Bain drip drip drip

It’s so frustrating, the failure of conservative media and Republican campaigns to vet Mitt Romney’s Bain days.

Instead of hiring cartoonists to turn Newt into Marvin the Martian, National Review should have been digging deep into the public filings, court filings, and the financial history of the companies Bain acquired and sold.  You better believe there isn’t a court document or SEC filing which the Obama campaign hasn’t digitized and analyzed.

Maybe there is nothing damaging, but my gut tells me otherwise.  That Romney inexplicably refuses to release his tax returns should have leading conservative pundits screaming warnings at the tops of their lungs; instead we get psycho-babble comparing Newt to Ahab seeking the Great White Mitt.

In Bain drip drip I noted a NY Times article about Romney’s post-Bain deal participation.

Now Reuters has a damaging story about how one of the companies bought by Bain left the feds to deal with underfunded pensions, Special report: Romney’s steel skeleton in the Bain closet:

The young men in business suits, gingerly picking their way among the millwrights, machinists and pipefitters at Kansas City’s Worldwide Grinding Systems steel mill….Apparently they liked what they saw.
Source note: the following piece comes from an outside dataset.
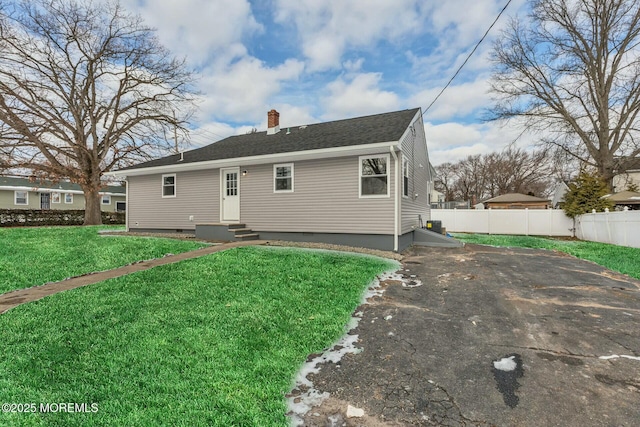 rear view of house featuring a yard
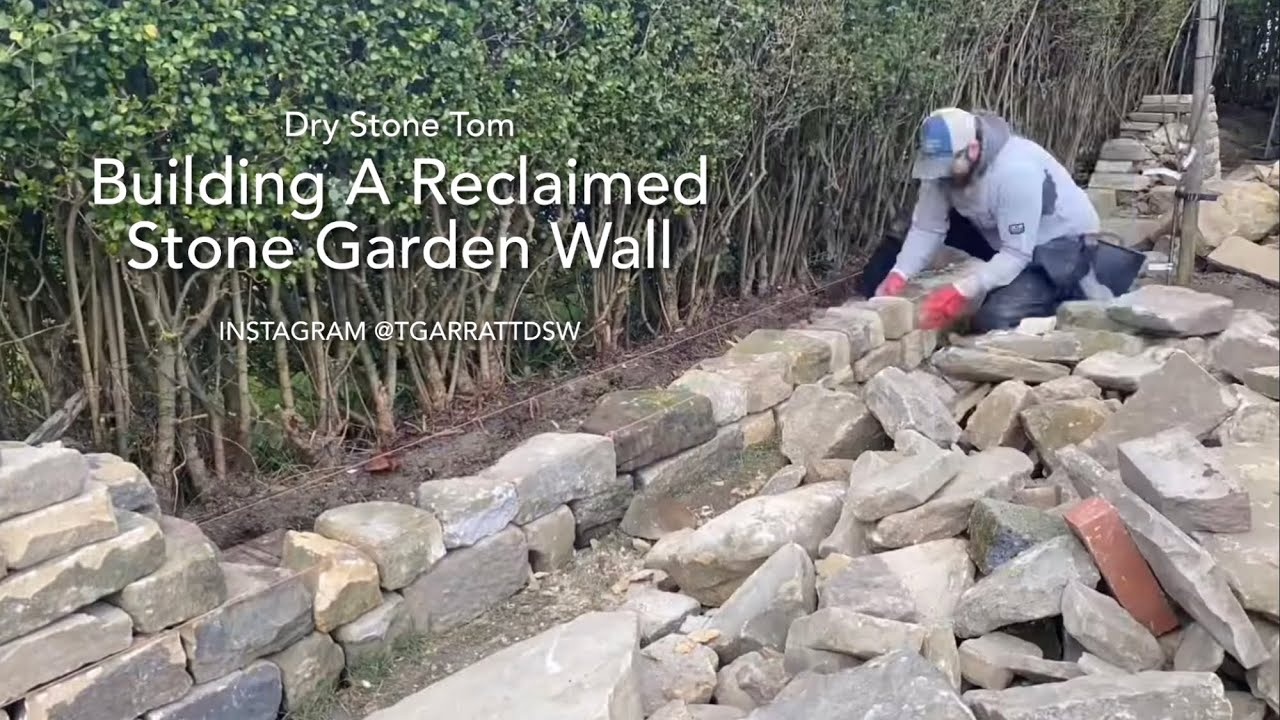 Stone wall construction in garden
Soon after, in October 1993, Bain Capital, co-founded by Mitt Romney, became majority shareholder in a steel mill that had been operating since 1888.It was a gamble. The old mill, renamed GS Technologies, needed expensive updating, and demand for its products was susceptible to cycles in the mining industry and commodities markets.Less than a decade later, the mill was padlocked and some 750 people lost their jobs. Workers were denied the severance pay and health insurance they’d been promised, and their pension benefits were cut by as much as $400 a month.What’s more, a federal government insurance agency had to pony up $44 million to bail out the company’s underfunded pension plan. Nevertheless, Bain profited on the deal, receiving $12 million on its $8 million initial investment and at least $4.5 million in consulting fees.

Not illegal, part of that “creative destruction” thing.  I get it.  And I’m sure there is plenty of blame to go around.  My concern is we’re only hearing about it in drips.  You can be sure Team Obama is holding the good stuff back.

When Newt raised the negatives of Bain deals, Charles Krauthammer claimed Newt was talking like a socialist, and that was one of the kindest things said by the conservative media.

We are heading headlong into the unknowns.

Update:  Why does it matter that everything get out now, not later?  This video, in which an AP reporter is aggressive in a way no mainstream reporter ever would be with Obama, is a good example of how aggressively the media will treat every real or imagined problem with a Republican nominee.  The issue is not that Bain is a disqualifier, but that we are being asked to maked judgments based primarliy on electability without the facts:

Update No. 2: New Anti-Romney Video Attacks Bain Capital Work:

The effort to derail Mitt Romney’s presidential quest heightened dramatically on Friday when a super PAC associated with Newt Gingrich outbid all comers for the rights to a scathing 30-minute attack video depicting Romney as a greedy, job-killing corporate raider “more ruthless than Wall Street.”

In a season filled with negative ads and rhetorical crossfire, the striking feature of the film, aside from its mini-documentary length, is its authorship. The film was made by Jason Killian Meath, a former associate of Romney’s top strategists, Stuart Stevens and Russ Schriefer. Meath had worked for the Romney campaign in 2008, creating much of the ad content for that failed effort. He left Stevens and Schriefer’s firm, SSG, in 2010. Meath declined to comment on his project, referring inquiries to the pro-Gingrich PAC Winning Our Future.